Wednesday, September 16th, 2009 Multiple Nationalisms, Linguistic Federalism and the Crisis of Border-States in India

DateTimeLocation
Wednesday, September 16, 20094:00PM - 6:00PMSeminar Room 208N, Munk Centre For International Studies
1 Devonshire Place

Series

Democracy and Identity Series

Description

There are many reasons for the crisis of several so-called border-states in India. One factor is that the governing elite in India has continuously had a conceptual block about recognizing multiple nationalities in India. More specifically, given the complexity and size of India, it should have recognized and worked with what might be called a deeply asymmetrical federalism which recognized some societies within it as nations and some not. Over time, the governing elite in India did imagine an inclusive enough state in India, one that granted recognition to different cultural communities but it just fell short of grasping the precise form of recognition for which some societies increasingly yearned. This was a political as much as a conceptual failure. Moreover, the hold of some conceptions was so strong that these elites could not imagine an even more inclusive variety of federalism. Instead of responding even more democratically to multi-layered difference, the Indian state, responded to it with force. Furthermore, it could not imagine that the organizational principle of different states could itself be very different, that some regional units could be formed on the basis of language, others on the basis of religion and still others on the basis of traditional ways of living. Only then could groups with multilayered differences – difference in religion, language and a whole way of life – be accommodated within a single state. The crisis of border-states in India must be accounted also in terms of this deeper conceptual failure.

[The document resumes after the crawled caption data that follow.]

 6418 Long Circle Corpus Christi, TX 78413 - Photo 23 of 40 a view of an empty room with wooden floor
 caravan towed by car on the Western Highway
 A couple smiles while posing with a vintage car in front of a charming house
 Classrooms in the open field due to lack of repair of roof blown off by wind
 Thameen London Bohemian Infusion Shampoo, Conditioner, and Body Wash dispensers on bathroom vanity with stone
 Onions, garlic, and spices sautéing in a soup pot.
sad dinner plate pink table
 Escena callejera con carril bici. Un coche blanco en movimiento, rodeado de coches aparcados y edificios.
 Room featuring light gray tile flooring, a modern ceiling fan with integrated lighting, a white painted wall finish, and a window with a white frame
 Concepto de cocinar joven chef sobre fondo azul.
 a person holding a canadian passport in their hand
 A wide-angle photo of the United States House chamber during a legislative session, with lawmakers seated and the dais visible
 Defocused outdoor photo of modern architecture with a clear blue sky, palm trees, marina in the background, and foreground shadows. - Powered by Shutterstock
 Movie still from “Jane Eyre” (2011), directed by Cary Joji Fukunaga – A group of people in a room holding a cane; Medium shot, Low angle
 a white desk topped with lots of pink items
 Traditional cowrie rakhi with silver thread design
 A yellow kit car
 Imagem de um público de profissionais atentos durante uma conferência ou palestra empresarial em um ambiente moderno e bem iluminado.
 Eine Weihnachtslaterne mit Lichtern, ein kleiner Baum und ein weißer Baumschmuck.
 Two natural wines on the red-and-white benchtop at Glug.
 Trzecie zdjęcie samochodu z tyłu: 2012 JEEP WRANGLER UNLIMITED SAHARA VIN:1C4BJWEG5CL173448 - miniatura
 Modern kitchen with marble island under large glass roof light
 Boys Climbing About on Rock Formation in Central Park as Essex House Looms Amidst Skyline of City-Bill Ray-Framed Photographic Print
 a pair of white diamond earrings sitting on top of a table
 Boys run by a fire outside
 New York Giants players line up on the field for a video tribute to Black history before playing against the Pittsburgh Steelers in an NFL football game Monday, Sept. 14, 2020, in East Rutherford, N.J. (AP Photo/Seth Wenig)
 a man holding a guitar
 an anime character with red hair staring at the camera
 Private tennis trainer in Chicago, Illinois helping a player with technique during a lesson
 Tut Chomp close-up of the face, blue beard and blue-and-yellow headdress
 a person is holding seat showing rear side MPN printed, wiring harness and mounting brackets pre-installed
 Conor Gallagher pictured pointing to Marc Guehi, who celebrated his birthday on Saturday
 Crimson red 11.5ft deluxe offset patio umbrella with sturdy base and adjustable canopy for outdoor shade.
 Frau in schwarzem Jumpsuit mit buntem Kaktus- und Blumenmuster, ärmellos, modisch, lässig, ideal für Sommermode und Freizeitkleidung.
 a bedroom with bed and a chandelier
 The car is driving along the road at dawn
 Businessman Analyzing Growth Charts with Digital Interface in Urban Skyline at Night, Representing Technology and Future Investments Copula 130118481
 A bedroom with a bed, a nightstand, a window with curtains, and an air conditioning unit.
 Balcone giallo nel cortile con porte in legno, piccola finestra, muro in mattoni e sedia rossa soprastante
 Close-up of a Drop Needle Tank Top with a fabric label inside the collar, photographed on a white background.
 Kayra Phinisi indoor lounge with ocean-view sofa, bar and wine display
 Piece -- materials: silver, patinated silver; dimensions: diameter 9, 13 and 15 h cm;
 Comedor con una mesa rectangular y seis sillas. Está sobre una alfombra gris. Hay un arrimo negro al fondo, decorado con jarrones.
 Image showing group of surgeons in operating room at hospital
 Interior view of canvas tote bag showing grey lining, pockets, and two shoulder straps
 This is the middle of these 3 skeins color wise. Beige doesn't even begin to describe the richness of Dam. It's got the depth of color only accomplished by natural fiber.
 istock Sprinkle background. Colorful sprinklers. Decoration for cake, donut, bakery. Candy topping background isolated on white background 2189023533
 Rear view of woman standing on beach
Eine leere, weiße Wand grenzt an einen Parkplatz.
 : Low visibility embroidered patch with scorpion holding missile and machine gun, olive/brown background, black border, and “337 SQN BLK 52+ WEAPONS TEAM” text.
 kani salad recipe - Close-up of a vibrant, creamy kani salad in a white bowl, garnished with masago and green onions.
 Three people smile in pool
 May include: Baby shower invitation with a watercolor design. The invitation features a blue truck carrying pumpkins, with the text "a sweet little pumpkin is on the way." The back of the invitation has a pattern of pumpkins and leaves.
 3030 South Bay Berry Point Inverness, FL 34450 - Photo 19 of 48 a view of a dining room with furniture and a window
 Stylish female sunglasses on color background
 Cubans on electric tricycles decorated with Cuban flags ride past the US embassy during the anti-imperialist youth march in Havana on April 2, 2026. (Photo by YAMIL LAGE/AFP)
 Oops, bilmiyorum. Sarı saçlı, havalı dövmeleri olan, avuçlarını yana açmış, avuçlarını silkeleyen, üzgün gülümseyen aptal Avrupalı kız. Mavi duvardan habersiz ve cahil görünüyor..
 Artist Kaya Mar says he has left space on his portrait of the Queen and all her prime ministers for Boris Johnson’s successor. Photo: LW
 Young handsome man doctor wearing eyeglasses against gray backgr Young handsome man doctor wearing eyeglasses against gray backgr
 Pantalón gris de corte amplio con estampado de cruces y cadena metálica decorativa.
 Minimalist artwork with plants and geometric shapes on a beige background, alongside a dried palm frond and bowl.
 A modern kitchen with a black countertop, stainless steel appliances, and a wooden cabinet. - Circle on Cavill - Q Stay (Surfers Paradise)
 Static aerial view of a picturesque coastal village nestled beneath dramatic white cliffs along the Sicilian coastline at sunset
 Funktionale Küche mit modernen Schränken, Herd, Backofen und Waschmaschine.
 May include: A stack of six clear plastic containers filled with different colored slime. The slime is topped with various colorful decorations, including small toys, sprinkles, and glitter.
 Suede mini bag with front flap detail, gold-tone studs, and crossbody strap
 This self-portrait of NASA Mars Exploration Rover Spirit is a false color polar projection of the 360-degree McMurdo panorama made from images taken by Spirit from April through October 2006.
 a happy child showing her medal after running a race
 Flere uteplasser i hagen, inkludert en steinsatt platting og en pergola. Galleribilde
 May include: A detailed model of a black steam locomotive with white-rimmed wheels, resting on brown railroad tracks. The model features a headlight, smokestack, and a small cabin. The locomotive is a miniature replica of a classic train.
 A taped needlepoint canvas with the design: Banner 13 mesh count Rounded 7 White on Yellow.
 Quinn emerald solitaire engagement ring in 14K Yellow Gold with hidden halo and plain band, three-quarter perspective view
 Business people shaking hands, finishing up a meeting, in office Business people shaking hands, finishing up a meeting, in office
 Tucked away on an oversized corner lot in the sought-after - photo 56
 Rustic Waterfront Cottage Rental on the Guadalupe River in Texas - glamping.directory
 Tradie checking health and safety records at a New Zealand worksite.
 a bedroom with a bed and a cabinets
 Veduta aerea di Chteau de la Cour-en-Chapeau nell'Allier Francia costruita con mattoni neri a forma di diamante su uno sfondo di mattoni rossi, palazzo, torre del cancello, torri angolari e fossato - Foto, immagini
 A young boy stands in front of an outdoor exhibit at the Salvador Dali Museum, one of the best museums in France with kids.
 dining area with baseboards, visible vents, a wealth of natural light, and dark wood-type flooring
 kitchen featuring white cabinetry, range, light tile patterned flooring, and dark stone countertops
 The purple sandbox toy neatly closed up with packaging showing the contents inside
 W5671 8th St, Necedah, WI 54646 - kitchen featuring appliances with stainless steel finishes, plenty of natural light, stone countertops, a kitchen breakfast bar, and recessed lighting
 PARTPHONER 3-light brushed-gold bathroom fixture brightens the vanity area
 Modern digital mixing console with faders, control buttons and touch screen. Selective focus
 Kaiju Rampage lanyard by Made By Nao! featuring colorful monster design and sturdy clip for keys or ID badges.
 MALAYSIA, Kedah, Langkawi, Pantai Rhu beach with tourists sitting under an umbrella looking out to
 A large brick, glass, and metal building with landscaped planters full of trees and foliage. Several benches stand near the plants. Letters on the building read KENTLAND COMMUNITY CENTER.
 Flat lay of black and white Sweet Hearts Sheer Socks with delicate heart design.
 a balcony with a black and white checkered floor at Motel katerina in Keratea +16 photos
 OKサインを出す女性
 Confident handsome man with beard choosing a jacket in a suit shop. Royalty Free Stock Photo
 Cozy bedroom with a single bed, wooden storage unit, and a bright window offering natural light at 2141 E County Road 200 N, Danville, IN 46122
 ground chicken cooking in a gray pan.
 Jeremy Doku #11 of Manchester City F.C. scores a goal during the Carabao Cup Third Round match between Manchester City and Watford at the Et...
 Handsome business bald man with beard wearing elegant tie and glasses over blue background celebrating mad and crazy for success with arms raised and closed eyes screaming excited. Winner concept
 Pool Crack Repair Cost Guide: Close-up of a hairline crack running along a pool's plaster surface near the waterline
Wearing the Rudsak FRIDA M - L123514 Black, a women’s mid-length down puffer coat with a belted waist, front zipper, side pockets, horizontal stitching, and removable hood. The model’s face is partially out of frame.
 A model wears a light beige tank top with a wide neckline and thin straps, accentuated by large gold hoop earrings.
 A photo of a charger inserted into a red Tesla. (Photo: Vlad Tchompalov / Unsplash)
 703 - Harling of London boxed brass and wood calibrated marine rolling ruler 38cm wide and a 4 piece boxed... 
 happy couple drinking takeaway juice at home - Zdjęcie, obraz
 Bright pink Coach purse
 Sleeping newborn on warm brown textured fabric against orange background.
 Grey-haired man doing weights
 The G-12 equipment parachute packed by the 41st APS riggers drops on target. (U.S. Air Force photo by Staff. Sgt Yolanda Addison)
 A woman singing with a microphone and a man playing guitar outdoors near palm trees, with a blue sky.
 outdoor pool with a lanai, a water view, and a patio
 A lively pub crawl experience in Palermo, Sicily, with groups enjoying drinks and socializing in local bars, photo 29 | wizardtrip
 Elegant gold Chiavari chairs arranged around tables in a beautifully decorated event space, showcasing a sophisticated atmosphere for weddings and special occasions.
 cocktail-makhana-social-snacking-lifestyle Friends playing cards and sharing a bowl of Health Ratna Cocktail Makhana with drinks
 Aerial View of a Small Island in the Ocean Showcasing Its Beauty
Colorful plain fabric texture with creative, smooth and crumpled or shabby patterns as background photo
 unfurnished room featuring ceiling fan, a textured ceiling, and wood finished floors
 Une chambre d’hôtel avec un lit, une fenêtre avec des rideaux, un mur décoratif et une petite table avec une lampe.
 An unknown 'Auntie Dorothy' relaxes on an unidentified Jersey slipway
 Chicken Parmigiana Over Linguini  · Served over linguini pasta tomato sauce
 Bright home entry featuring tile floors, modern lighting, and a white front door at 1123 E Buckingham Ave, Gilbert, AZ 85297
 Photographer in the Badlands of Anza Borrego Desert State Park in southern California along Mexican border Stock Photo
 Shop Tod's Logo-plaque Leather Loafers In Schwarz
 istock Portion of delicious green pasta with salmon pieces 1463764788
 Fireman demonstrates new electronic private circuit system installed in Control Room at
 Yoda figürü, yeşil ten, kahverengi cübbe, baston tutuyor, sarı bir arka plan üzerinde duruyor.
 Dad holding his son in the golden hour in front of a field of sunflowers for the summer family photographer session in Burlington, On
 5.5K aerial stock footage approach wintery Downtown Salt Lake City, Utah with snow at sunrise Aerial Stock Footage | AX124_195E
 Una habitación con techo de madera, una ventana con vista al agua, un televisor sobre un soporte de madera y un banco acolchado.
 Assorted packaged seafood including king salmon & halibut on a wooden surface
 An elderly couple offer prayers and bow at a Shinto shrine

Rajeev Bhargava obtained his BA degree in Economics from the University of Delhi and M.Phil and D.Phil from Oxford University. He is currently Senior Fellow and Director, Centre for the Study of Developing Societies, He is also the Director of the CSDS programme on Social and Political Theory. He has previously been Professor at Jawaharlal Nehru University, Delhi and between 2001-2005 held the chair in Political theory and Indian political thought at the University of Delhi and was the Head of its Department of Political Science..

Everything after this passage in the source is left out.